**Exercise:** After finding the line with "Silipull 20-Box Wooden" in the entries below, retype exactly each line from there through the line with "ÁREAS DE REGIONES", including that final line.

**Data excerpts:**
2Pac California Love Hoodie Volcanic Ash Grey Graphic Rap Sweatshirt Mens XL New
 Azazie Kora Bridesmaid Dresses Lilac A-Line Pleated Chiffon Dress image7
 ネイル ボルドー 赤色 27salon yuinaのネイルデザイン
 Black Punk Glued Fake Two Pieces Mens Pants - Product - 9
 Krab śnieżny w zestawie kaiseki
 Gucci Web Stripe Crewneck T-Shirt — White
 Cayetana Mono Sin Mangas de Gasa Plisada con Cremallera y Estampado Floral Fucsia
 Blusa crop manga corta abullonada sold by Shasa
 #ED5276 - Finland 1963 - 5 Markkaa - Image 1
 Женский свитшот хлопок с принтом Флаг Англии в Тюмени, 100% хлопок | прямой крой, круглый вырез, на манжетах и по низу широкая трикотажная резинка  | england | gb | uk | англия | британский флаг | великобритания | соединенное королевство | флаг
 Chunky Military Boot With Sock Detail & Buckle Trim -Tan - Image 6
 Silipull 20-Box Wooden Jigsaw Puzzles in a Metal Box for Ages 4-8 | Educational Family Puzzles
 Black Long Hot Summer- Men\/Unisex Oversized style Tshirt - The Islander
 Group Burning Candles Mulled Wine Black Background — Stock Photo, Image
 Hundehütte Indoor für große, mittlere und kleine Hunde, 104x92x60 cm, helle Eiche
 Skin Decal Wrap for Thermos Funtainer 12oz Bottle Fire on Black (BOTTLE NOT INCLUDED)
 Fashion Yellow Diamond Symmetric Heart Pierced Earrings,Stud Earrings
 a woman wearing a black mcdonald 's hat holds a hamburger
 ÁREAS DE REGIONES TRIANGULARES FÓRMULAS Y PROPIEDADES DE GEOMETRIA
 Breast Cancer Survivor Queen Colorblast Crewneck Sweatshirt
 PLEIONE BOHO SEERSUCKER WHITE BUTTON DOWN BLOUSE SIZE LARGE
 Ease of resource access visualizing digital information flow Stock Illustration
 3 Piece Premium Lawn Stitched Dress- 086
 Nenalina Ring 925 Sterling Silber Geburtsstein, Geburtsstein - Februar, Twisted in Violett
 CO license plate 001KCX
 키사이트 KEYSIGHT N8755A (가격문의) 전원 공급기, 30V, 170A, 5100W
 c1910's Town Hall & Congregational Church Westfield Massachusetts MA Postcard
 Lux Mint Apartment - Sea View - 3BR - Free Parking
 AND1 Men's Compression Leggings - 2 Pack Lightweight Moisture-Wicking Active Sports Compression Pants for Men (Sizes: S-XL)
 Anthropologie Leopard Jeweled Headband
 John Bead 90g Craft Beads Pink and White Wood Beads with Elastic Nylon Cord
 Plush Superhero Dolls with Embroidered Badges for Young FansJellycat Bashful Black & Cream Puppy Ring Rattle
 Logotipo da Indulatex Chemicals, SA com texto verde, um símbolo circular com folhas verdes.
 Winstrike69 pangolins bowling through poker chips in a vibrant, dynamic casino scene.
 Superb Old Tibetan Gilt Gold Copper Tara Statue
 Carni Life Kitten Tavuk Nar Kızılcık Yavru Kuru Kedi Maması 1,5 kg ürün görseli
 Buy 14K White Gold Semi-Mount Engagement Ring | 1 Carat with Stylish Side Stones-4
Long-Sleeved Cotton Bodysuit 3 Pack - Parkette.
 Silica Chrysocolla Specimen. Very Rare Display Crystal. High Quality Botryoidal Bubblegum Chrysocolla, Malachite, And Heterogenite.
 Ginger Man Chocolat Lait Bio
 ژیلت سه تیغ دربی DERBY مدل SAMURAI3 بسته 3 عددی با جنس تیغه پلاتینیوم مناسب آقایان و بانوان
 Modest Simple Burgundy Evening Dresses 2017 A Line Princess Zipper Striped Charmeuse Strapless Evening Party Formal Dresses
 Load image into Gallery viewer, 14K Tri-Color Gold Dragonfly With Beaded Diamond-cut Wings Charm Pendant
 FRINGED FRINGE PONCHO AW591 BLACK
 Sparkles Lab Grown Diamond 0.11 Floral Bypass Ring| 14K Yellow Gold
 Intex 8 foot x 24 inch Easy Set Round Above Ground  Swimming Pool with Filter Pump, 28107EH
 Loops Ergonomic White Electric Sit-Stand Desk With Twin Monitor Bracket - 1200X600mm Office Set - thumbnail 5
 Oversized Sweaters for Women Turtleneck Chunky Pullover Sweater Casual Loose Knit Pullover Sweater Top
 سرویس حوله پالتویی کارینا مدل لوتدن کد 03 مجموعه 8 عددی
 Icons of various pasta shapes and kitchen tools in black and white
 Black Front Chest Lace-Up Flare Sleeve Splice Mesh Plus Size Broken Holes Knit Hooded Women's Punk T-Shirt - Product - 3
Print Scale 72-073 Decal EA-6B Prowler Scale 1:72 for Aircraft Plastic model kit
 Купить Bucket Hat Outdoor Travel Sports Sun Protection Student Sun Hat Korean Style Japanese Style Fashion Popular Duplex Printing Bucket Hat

**Task result:**
 Silipull 20-Box Wooden Jigsaw Puzzles in a Metal Box for Ages 4-8 | Educational Family Puzzles
 Black Long Hot Summer- Men\/Unisex Oversized style Tshirt - The Islander
 Group Burning Candles Mulled Wine Black Background — Stock Photo, Image
 Hundehütte Indoor für große, mittlere und kleine Hunde, 104x92x60 cm, helle Eiche
 Skin Decal Wrap for Thermos Funtainer 12oz Bottle Fire on Black (BOTTLE NOT INCLUDED)
 Fashion Yellow Diamond Symmetric Heart Pierced Earrings,Stud Earrings
 a woman wearing a black mcdonald 's hat holds a hamburger
 ÁREAS DE REGIONES TRIANGULARES FÓRMULAS Y PROPIEDADES DE GEOMETRIA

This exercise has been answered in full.